Having watched college students play the token game in 16 cities, the researchers conclude that “culture strongly influences cooperation and punishment,” says Simon Gächter, an economist at the University of Nottingham in England and one of the study’s authors.

[…]

Ironically, a distaste for civic cooperation and the rule of law tends to travel with collectivism, data from the World Values Survey show. Collectivistic societies stress interdependence between people and the pursuit of group goals. But not just any people or group’s goals count, explains Gächter: “In these societies you cooperate with people inside your network, which is organized along family and friendship lines. In our experiments, everyone is an outsider to everyone else. You might not accept punishment from outside your network.”

Conversely, individualistic societies view each person as independent and value the pursuit of individual goals. These mores are more prevalent in wealthier democracies, notes Herbert Gintis, an economist at the Santa Fe Institute, in an accompanying article. “In modern, market-based societies, group boundaries aren’t very important,” explains Gächter. “You have to be able to cooperate with unrelated strangers.” And so rather than being hotbeds of cut-throat competition, capitalist democracies are actually kinder and gentler than more traditional economies—at least for strangers.

Similar results have been rolling in for a while now. So it should be considered scientifically and thus intellectually bogus to characterize individualist cultures and markets societies as encouraging some kind of atomized dog-eat-dog ethic. There is tribalist solidarity, which certainly has its share of mammalian gratification, but leads to vicious conflict between tribes. And then there is liberal, market solidarity, which is based not in exclusion, or a feeling of warmth for our kinsmen, but in a perhaps less “meaningful” yet much more materially significant relations of extended mutual advantage.

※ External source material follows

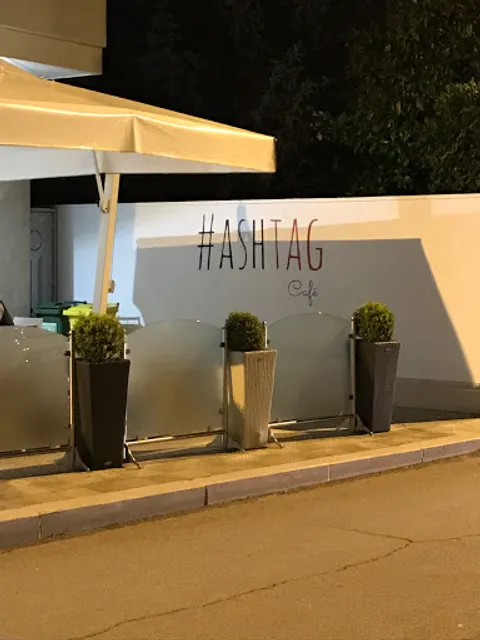 Hashtag cafe'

[Thanks to Ashley March for the article.]

Collectivism and Meaning

Great stuff in today’s WSJ from Cato executive veep David Boaz on the collectivist blowhards running for president.

Messrs. Obama and McCain are telling us Americans that our normal lives are not good enough, that pursuing our own happiness is “self-indulgence,” that building a business is “chasing after our money culture,” that working to provide a better life for our families is a “narrow concern.”

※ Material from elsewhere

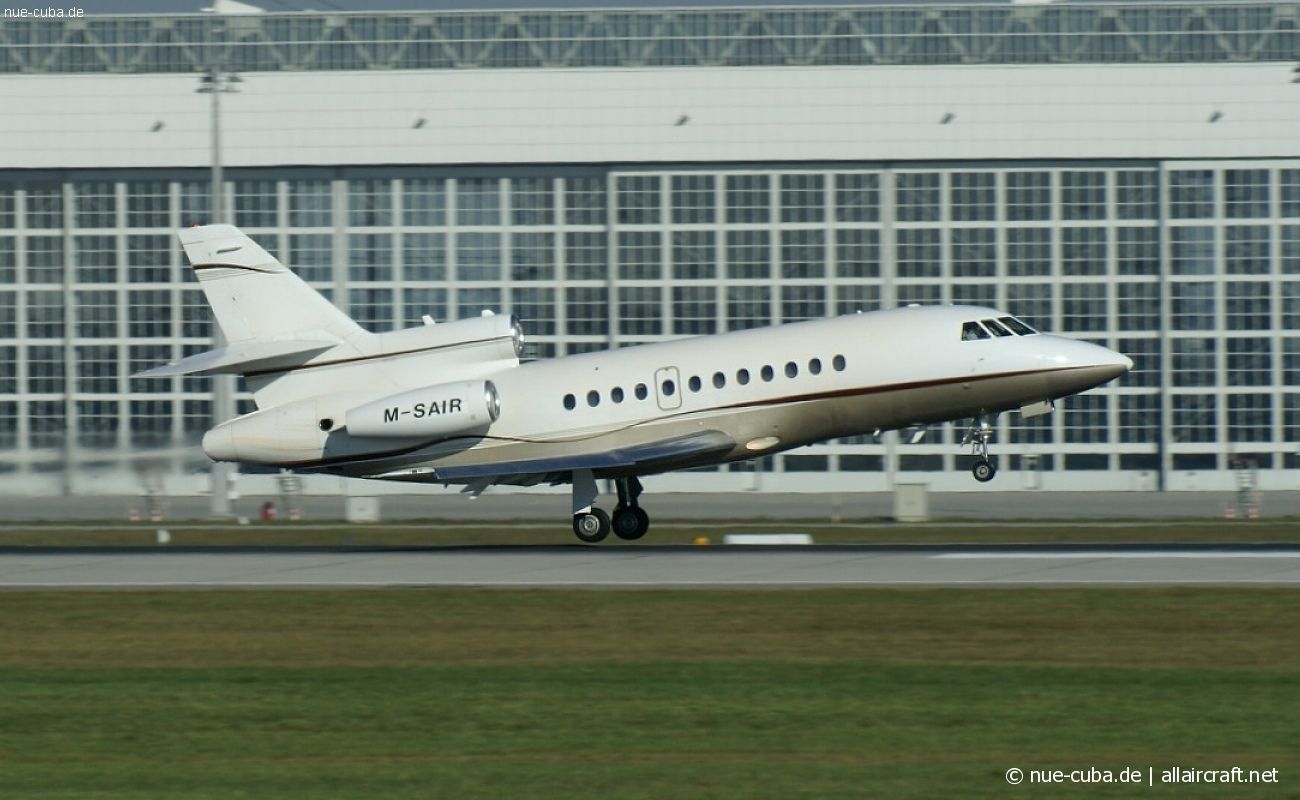M-SAIR (141) 1995 Dassault Falcon 900B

They’re wrong. Every human life counts. Your life counts. You have a right to live it as you choose, to follow your bliss. You have a right to seek satisfaction in accomplishment. And if you chase after the almighty dollar, you just might find that you are led, as if by an invisible hand, to do things that improve the lives of others.

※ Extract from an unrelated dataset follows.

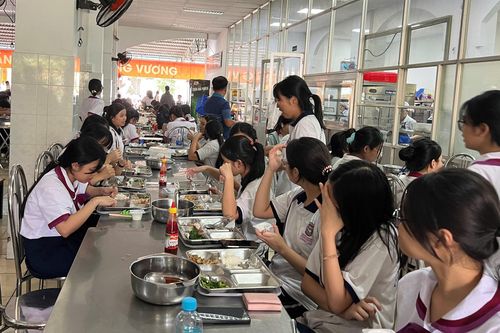 Suất ăn 38.000 đồng bị tố ít, trường nói học sinh có thể mua thêm thức ăn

Right on. So why the nonsense? Arnold Kling says it’s Hansonian altruistic signaling. Sure, there’s some of that. But why does this get a grip on us? Why are people such suckers for the idea that collective sacrifice is a source of meaning.

Here’s a question. Is sacrifice for grand collective projects really meaningful? Probably it is. But the reward, the compensation for sacrifice, is indifferent to the content of the project. Probably genocide is meaningful for those who devote themselves to it. Religion is meaningful, too. But it’s a pack of lies. Meaningfulness is too promiscuous, justifies too much. I suspect there’s little sense in mounting an argument against meaning, per se. Everybody wants it, even if we badly overestimate how much we need it. But I think we’re obliged to do better in discriminating between sources of meaning and their effects. We tend to indulge people’s irrational fixations when they claim that they find them “meaningful.” But why? That it is “meaningful” to X may be a reason to be especially hard on X, if X is dangerous and meaning is really so attractive. Collectivism is meaningful, but it is mindless, pathetic, and the essential fuel for the greatest cruelty. That it does feel sublime to submit to the will of the whole, to lose oneself in something bigger, that it is a special kind of bliss to transcend the small grubby thing that is one’s own small life, is why human beings will so cheerfully slaughter one another. This should probably be discouraged.